The problem: All of the data is to be written out again exactly, without the pictures.

Dataset entries:
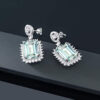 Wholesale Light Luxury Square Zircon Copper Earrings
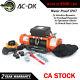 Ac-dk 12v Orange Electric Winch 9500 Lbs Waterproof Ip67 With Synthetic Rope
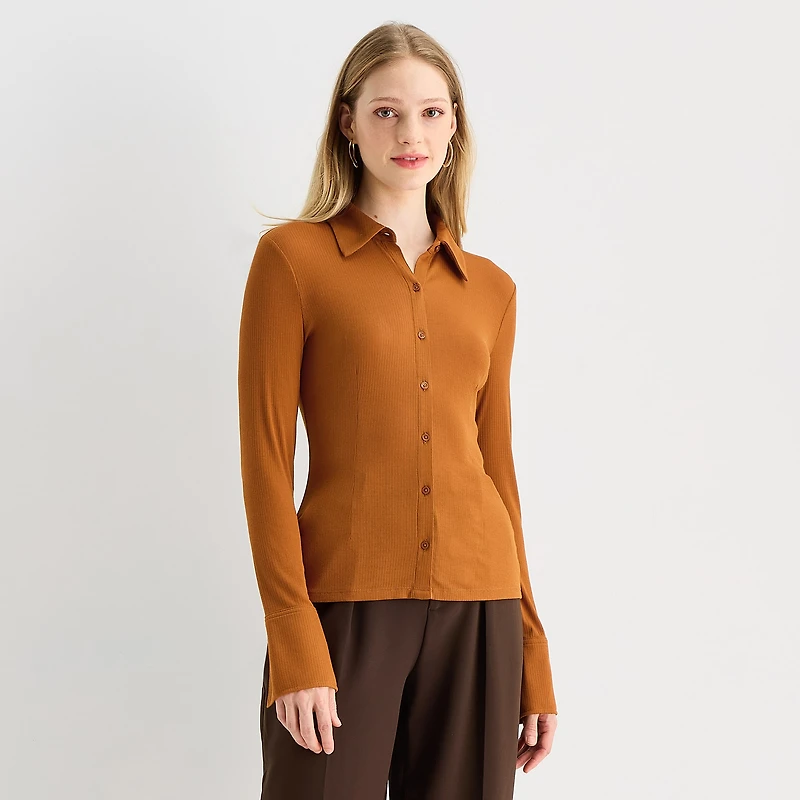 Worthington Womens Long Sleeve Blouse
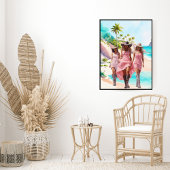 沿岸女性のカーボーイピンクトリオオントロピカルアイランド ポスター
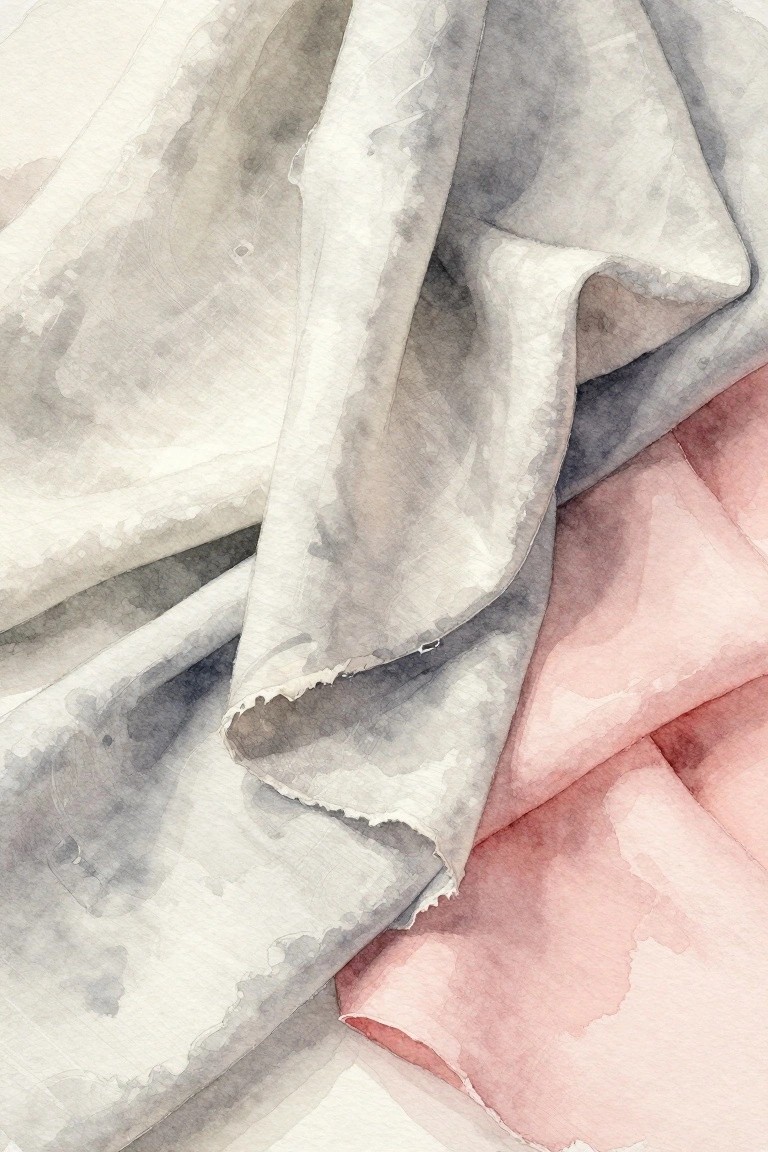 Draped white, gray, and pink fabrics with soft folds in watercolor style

Completed exercise:
 Wholesale Light Luxury Square Zircon Copper Earrings
 Ac-dk 12v Orange Electric Winch 9500 Lbs Waterproof Ip67 With Synthetic Rope
 Worthington Womens Long Sleeve Blouse
 沿岸女性のカーボーイピンクトリオオントロピカルアイランド ポスター
 Draped white, gray, and pink fabrics with soft folds in watercolor style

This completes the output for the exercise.